As an athlete, especially when it’s what you do as a career (even when you’re writing about it, not being a pro athlete!), I think there’s a pressure to look athletic at all times, to fit this idea that you’re an athlete. That’s how you define yourself. The same way a lawyer wears a suit to the office, you’re supposed to look ready for a workout at all times. At least, it can feel that way.

https://www.instagram.com/p/BccsdewB5t4

In Paris, I chopped my hair off. More on that later, but it was partially in deference to this idea. I had grown my hair long originally in order to be able to put it in a ponytail for—you guessed it—working out. But that was patently ridiculous. (For a lot of reasons.)

I joked about it on Instagram, going with the Dr. Dre lyric, ‘Turn me back to the old me.’ Because, while me in the early 2000s had some style issues, she f-ing got dressed. She had a distinct style—not always great, admittedly. But I miss that, so much.

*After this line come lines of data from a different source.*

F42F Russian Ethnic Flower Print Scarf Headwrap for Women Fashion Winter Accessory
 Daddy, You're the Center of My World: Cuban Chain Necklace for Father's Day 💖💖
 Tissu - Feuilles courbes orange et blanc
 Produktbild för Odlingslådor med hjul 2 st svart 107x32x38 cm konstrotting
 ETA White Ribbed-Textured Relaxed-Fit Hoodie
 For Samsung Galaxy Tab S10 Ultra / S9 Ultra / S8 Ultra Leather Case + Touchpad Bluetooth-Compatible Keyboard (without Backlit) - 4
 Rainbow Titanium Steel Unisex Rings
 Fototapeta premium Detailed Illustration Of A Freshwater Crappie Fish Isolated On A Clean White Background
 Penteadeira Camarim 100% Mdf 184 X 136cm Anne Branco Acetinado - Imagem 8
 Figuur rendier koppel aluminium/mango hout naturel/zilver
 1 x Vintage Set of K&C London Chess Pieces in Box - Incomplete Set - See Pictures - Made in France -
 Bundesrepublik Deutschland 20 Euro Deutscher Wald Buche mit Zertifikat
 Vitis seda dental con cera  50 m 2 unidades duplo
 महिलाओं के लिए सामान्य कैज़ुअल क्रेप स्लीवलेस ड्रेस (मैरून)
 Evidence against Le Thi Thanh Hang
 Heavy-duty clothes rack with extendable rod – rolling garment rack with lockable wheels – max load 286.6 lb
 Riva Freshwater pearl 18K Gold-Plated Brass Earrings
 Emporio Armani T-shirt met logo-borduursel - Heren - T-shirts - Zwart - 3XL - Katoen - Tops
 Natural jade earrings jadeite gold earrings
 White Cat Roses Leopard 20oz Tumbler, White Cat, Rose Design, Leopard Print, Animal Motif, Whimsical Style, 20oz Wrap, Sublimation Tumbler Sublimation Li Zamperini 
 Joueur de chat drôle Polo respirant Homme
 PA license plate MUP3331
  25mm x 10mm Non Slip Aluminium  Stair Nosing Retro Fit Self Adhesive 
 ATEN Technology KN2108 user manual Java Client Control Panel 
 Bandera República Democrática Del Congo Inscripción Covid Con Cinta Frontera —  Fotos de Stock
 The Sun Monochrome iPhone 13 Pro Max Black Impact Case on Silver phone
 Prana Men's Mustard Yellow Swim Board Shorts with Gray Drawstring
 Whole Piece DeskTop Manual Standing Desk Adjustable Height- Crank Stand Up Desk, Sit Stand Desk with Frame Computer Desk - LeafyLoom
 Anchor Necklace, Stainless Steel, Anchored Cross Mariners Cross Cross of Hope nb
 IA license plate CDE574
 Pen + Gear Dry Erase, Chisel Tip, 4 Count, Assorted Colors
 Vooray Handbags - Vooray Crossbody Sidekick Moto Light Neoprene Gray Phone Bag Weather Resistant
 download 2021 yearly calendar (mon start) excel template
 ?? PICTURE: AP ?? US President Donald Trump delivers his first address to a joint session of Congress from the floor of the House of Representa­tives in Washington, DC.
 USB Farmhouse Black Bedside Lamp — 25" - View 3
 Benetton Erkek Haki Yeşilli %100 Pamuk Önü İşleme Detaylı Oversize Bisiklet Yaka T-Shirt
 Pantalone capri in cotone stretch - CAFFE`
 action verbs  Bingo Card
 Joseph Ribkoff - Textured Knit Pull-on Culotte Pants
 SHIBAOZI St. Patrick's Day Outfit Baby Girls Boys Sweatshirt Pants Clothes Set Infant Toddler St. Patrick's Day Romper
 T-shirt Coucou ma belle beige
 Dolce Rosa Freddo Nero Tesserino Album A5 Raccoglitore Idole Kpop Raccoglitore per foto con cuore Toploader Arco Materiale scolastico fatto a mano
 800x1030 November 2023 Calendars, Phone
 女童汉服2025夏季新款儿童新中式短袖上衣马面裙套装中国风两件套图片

I’ve changed over the last decade, obviously. (Ellen put it hilariously when she pointed out that I was “married, but has tattoos.”) My style is a bit more muted than the ludicrously short plaid skirt with spiky hair and insane amounts of black eyeshadow (not eyeliner. eyeshadow.). I do need to dress to move around during the day, and I do prefer a more athletic-focused style. But I didn’t need to swap the leather jacket for a sponsor-correct puffy coat. (Well, I do need a puffy coat right now. It’s freaking cold in Ontario.) The most “me” that I felt all season? Oversized black tshirt with the white Rapha logo, sleeves cut off to make it a muscle-tee, black and white sports bra showing, shiny black leggings, black sunglasses. Athletic, sure—I could run the course taking pictures all day. But at the same time, it felt like something I would have worn to a basement show, no problem.

These tropes are done to death—and I want to be whoever I wake up as, any day.

What’s the point of this post? I guess it’s to give myself—and you!—the permission to be an athlete without needing to shout it out every second of every day. To wear something on a hike that you could also wear to brunch. To wear whatever the F you want, to be whatever style suits you the most, regardless of how athletic you are. I’ve spent so much time subscribing to one-lifestyle = one-style (the same was true when I was a punk kid, really.). It’s time to break that mold and embrace what I like, not what showcases the fact that I like running and ride bikes and lifting heavy things. Yoga teachers and runners and cyclists can be punks too, right?